When I first saw photos of the new sandolo in Canada, I was impressed.
Here was a boat that had all the details - a fully carved passenger sandolo.
The boat was built in the Squero Tramontin, and was in fact the first sandolo to come out of that yard in over fifty years.
Roberto Tramontin gave extra attention to the details on this boat.
As I looked at the photos that Lorne sent me of his beautiful new sandolo, I noticed somethinig familiar about the scimier (that decorative piece that rests atop the seat back).
Lorne told me that the piece that rides on the seat back of his boat is
"the first known copy of the Royal scimier" - an impressive piece of "gondola art" in the private collection of the Tramontin family.
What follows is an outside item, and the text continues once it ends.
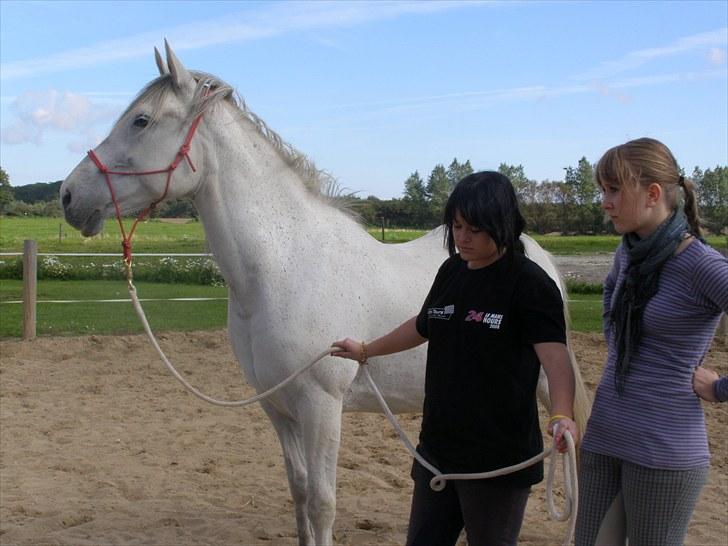 Anden særlig race Tøzen  billede 18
I'd seen that scimier before: in Gilberto Penzo's "La Gondola" (on page 173, to be exact), it is said to be about a hundred years old.
The "Royal Scimier".
I must admit that I'm not clear on the exact history of this piece,
but Lorne tells me that at the varo, many Venetians were nodding their heads in approval, and seemed proud of the scimier.
Here are a few photos showing some of the stages in the creation of this beautiful piece.
The design was drawn out on a single piece of wood,
the silhouette cut out,
and with age-old hand tools,
the craftsman gradually removed wood in small places.
Once the carving phase was completed,
a flat black base coat was applied.
Then a shiny coat of black was applied.
(my guess is that there were several shiny coats applied)
Finally, gold guilding and brilliant blue were added in the appropriate areas.
People look at gondolas and many other Venetian boats and just assume that the detail pieces are just fancy dress-up stuff, or as a shipbuilding friend of mine likes to say "decorative gingerbread", but in many cases there's history behind every detail.
Thank you Roberto - for bringing something beautiful into the world.